Of all the lines below, return only those starting with the line holding "Bord Eternity - Svart, 180x90cm" and going on through the line holding "Image of Reusch", exactly as written.

**SUPPLIED INFORMATION**

....

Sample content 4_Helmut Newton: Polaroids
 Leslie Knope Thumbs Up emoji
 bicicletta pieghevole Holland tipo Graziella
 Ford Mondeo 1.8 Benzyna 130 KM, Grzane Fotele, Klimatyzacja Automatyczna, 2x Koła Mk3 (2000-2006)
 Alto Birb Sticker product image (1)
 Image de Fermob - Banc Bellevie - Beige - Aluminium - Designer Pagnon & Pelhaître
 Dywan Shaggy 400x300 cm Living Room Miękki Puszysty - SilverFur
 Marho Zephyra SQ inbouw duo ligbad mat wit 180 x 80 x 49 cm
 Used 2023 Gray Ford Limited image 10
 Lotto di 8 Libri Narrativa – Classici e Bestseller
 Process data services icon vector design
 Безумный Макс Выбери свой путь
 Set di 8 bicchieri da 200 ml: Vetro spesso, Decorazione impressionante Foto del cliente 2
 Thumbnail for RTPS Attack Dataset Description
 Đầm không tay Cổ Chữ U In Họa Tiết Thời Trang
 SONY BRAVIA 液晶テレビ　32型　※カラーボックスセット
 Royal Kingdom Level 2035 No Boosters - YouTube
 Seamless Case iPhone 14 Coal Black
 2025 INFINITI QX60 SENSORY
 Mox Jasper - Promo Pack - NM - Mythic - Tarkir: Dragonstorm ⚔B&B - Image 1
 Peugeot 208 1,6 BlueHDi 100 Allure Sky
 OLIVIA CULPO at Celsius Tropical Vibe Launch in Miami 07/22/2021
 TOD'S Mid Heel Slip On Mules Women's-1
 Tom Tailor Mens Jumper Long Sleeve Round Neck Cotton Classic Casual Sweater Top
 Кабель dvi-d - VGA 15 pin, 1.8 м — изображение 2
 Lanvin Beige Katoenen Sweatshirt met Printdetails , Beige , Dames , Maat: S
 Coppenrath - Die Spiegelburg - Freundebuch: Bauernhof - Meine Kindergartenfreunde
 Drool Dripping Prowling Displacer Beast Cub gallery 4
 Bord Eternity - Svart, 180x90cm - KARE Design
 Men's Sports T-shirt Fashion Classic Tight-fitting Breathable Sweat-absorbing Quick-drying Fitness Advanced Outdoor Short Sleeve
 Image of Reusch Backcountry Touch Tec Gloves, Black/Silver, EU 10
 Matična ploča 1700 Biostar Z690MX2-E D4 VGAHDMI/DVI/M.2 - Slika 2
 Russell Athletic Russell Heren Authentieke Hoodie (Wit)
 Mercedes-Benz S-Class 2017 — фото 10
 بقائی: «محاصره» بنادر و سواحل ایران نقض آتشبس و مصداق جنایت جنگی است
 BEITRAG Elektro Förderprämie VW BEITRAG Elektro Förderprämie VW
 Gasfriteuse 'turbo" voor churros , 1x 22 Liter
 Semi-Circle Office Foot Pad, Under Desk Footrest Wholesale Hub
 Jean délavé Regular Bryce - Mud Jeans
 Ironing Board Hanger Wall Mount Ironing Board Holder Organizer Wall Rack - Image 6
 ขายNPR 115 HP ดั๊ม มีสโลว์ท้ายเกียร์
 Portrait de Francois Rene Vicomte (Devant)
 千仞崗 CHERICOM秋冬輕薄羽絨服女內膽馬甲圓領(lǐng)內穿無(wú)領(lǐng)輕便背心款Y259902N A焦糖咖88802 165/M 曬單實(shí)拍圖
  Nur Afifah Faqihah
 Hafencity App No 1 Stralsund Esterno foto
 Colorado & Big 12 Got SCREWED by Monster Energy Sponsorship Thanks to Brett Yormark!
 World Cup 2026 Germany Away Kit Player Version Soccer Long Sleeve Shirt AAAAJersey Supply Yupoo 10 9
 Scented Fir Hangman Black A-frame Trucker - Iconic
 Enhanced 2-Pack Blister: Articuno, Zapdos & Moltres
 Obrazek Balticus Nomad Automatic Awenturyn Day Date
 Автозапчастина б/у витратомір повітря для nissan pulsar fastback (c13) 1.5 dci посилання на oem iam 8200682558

....

**RESPONSE TO THIS EXERCISE**
 Bord Eternity - Svart, 180x90cm - KARE Design
 Men's Sports T-shirt Fashion Classic Tight-fitting Breathable Sweat-absorbing Quick-drying Fitness Advanced Outdoor Short Sleeve
 Image of Reusch Backcountry Touch Tec Gloves, Black/Silver, EU 10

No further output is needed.